Big Data: A Gear Up for Cab’s Big Boys?
Gone are those days when folks would have to stand and wait for taxis or cabs to pick them up and drop them to their destinations. Now, it’s on their fingertips. Cabs are, well and truly, only a touch away. It has indeed become so easy. No more hollering or wasting your time. But we should realise that there is a lot going on behind the scenes, getting you the cab. Do they not have problems, covering so many cities, countries and continents? Yes, they do. They have problems galore. One such set of problems can be solved by Big Data and its analysis.
The global cab aggregator space is undergoing cut throat competition. New players are finding it increasingly hard to differentiate themselves from their peers. Ever since their inception, customer retention and ensuring good ride experience has always been of maximum importance. With abundant data at their disposal, it becomes important for the senior management to consider solutions that uncover actionable insights and deliver customer expectations. It is no longer just a game of marketing, as simply competing through offers and promotional codes wouldn’t always result in revenue. The key is simple, real time exploratory data analytics.
Ever wondered why the demand in a particular location has gone downwards? Is it because of lack of cab supply? or poor driver performance around that area? or is surge pricing taking its toll? Or could it be due to political unrest or any untoward incident in the neighbourhood? In today’s world of data boom, we need to leverage real time events to track and map the operational efficiency of your service.
Fig: Process workflow involved in booking a cab
Considering the significant factors of scale and time, your analytics platform should be capable of handling 100s of terabytes of data in a fraction of few seconds. Managing real time data from different sources and providing immediate visibility to critical business metrics is always a challenge which businesses face. All of this is made easy by Big Data. Most cab aggregators use data lakes to store a large terabytes of data generated everyday, and then use Spark and Hadoop to make sense of that data. The data comes from a range of data types and databases like SOA database tables, schema less data stores and the event messaging system, Apache Kafka.
As far as their product team goes, usually the cab aggregator’s data team does it all. All predictive models which power the ride sharing cab service ranging from drivers’ ETA, estimation of fare prices, calculating surge prices, to heat maps, so that drivers can position themselves accordingly, are decided by data in the data lakes after analyzing them by the data team. Through statistical and historical data analysis, the cab hailing companies aim to create a positive user experience. In order to further improve on this experience, they make use of data science driven insights and implement new business models, in real time.
The service also relies on a detailed rating system – users can rate drivers, and vice versa – to build up trust and allow both parties to make informed decisions about who they want to share a car with.

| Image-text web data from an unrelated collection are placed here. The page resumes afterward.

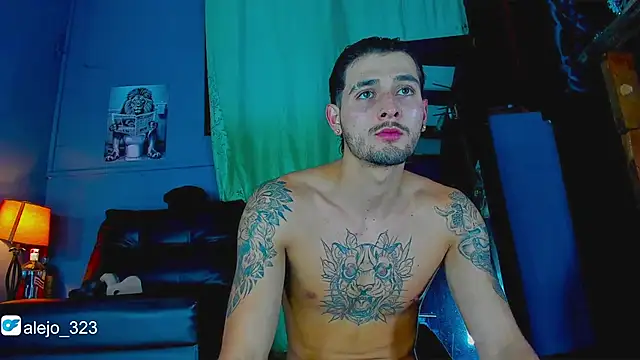 alejo  323   online show from October 24, 2025, 2:08 am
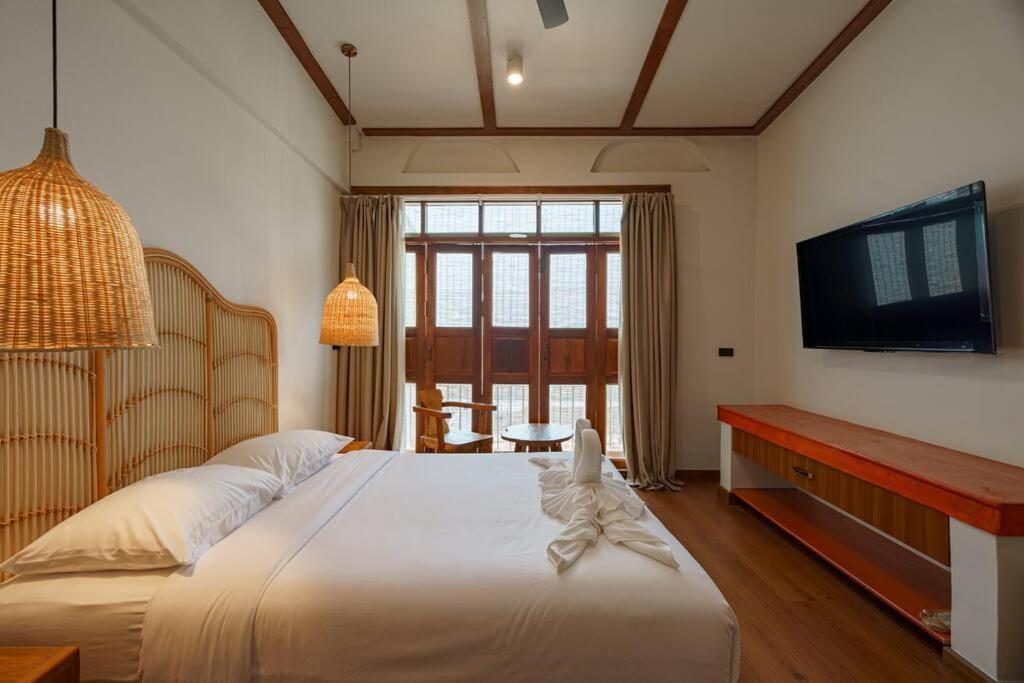 Lapassa Phuket 3 Bedroom Pool In By Resava Villa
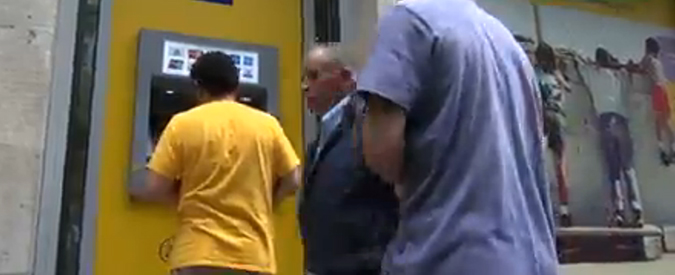 Copertina di Grecia, poche code ai bancomat di Atene. Correntisti: “Paghiamo colpe non nostre”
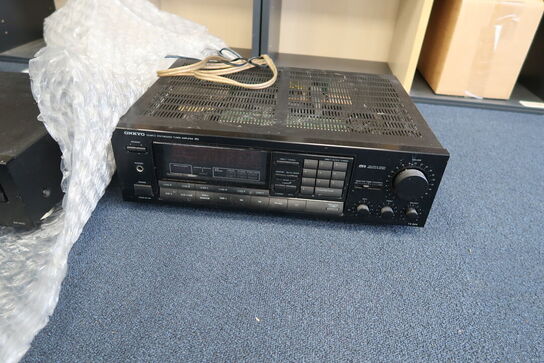 2 stk. højtalere GALE 4020, pladeafspiller, cd-afpiller ONKYO, forstærker ONKYO m.m.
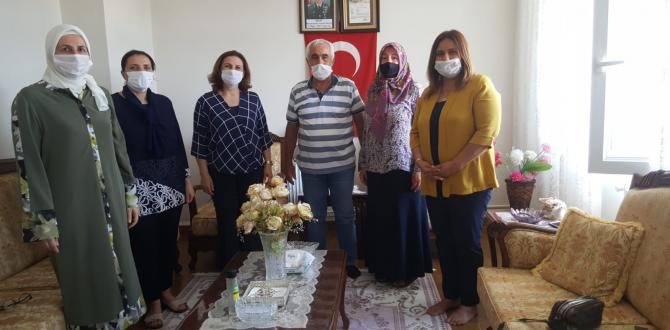 Antakya Belediyesi Başkan Yardımcısı Alev Seçmen’den  ŞEHİT AİLELERİNE ZİYARET
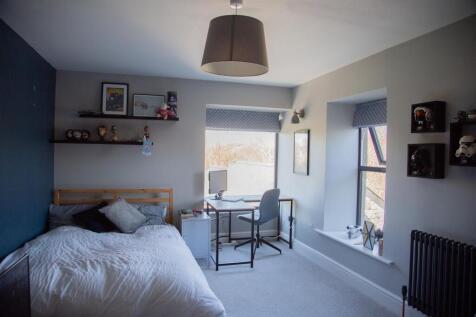 Bedroom 3 (rear)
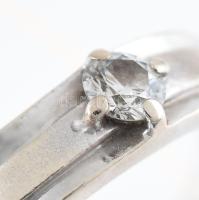 14k fehérarany (Au) gyűrű, modern csiszolású briliánssal ékített cca. 0,07 ct, jelzett bruttó: 3,1 g...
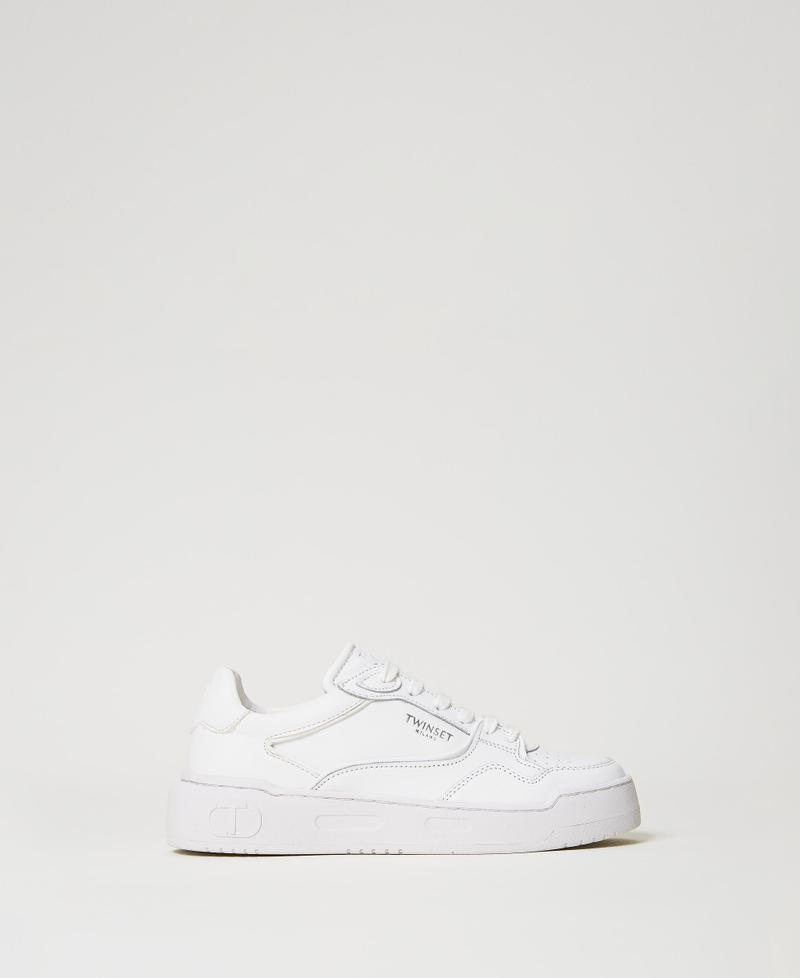 Trainers with contrasting logo White Woman 231TCP090-01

Drivers in particular have to be very conscious of keeping their standards high – a leaked internal document showed that those whose score falls below a certain threshold face being “fired” and not offered any more work. They have another metric to worry about, too – their “acceptance rate”. This is the number of jobs they accept versus those they decline. Drivers were told they should aim to keep this above 80%, in order to provide a consistently available service to passengers.
Reliability can be measured by:
- the number of bookings cancelled
- time for booking the service
- wait time
Responsiveness can be measured by the ability to provide services for unscheduled requests, availability of capacity and lead time confirmation.
To sum it up, cab aggregators have progressed from a simple mobile application with a clean UI to a backend and support service which is equally potent. Their users generate several billion instances of data which, now, they have taken the initiative to analyse in order to improve the customer experience, reduce the manpower needed, and safer transactions.